The Church of St. Athanasius is a Roman Catholic parish church under the authority of the Roman Catholic Archdiocese of New York, located at Tiffany Street between Fox Street and Southern Boulevard, Longwood, Bronx, New York City. It is dedicated to Saint Athanasius of Alexandria, a Doctor of the Church.

==History==
The Archbishop of New York, John Farley, commissioned the parish in 1907, purchasing the entire city block for $58,000. The cornerstone was laid on May 31, 1908, by Cardinal Michael Logue, Archbishop of Armagh, who was visiting the United States on the occasion of the centenary of the Archdiocese of New York. The building was solemnly dedicated on February 21, 1909. Terence James Cooke (later Archbishop of New York) served there as a curate in the 1950s.

The parish has long been prominent in serving its low-income neighborhood, in partnership with St. Anthony of Padua. Of note are longtime pastor Louis R. Gigante— brother of notorious gangster Vincent "the Chin" Gigante— who was assigned to the parish as a curate in 1958 and went on to found the Simpson Street Development Association in 1967, and Sister Miriam Thomas Collins, S.C.. Collins, a Sister of Charity (commonly known as Sister Thomas) who came to the parish in 1962 as a teacher, joined with Gigante to found the South East Bronx Community Organization (SEBCO) in 1968. SEBCO collects federal Section 8 funds to convert abandoned buildings into affordable housing. Another neighborhood activist group, the Mid-Bronx Desperadoes, was co-founded with St. Athanasius pastor William Smith in 1974. In 1985 Collins organized the first South Bronx Halloween parade.
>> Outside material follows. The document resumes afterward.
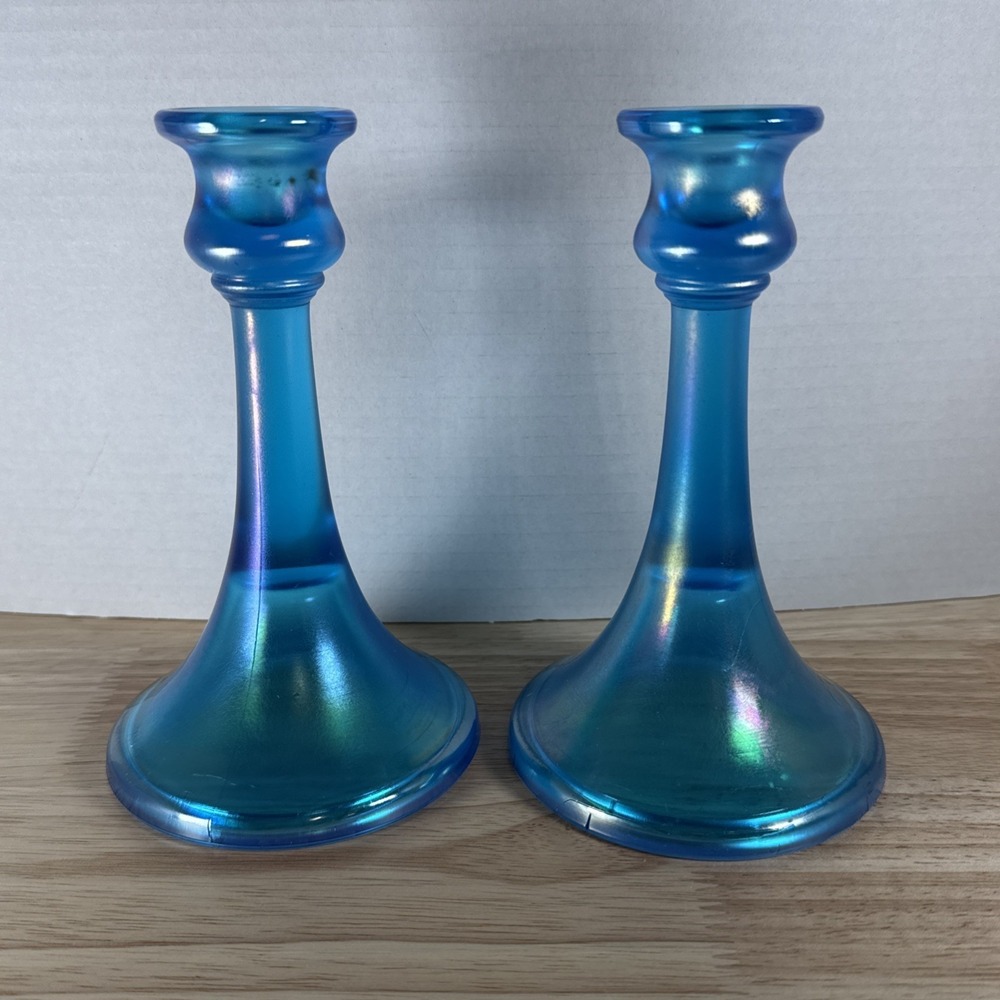 Northwood Candle Holders Celestial Blue Stretch Glass 7" Rainbow Sheen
A 105-unit affordable housing development which SEBCO built on the last parcel of city-owned land in the South Bronx was the Sister Thomas Apartments in 2008. At the dedication, the New York State Housing Finance Agency stated that "In the '60s and '70s the Hunts Point section of the South Bronx was a desolate place lined with the carcasses of buildings still smoldering from the latest fire…. The only refuge was St. Athanasius and its priests and nuns, who became beacons of hope and leaders in the tenants' rights movement…."
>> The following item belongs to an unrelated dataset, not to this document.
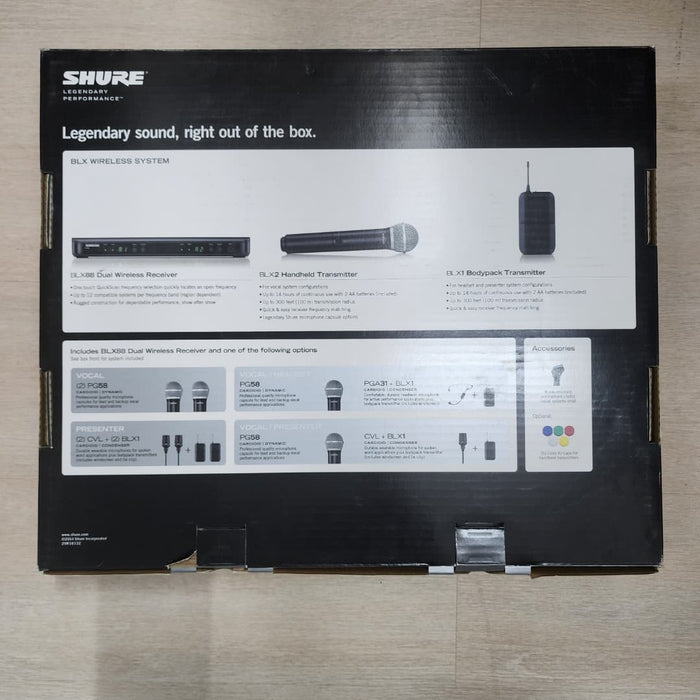 B STOCK (BS-487) Shure BLX288/PG58 Dual Channel Wireless Handheld Microphone System, BLX88 Dual-Channel Wireless Receiver & (2) BLX2/PG58 Handheld Transmitters ( K14 )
Nevertheless, Sister Thomas and the flea market she long organized were expelled from the parish unceremoniously in 2010, dividing the community, shortly after the arrival of a new pastor. Many parishioners participated in protests against the move, while others defended the new pastor.

== School ==
The Sisters of Charity of New York opened St. Athanasius School on September 8, 1913. The original school was situated adjacent to the church on Fox Street, but was outgrown. The parish constructed the current school building at 830 Southern Boulevard, which opened in September 1965.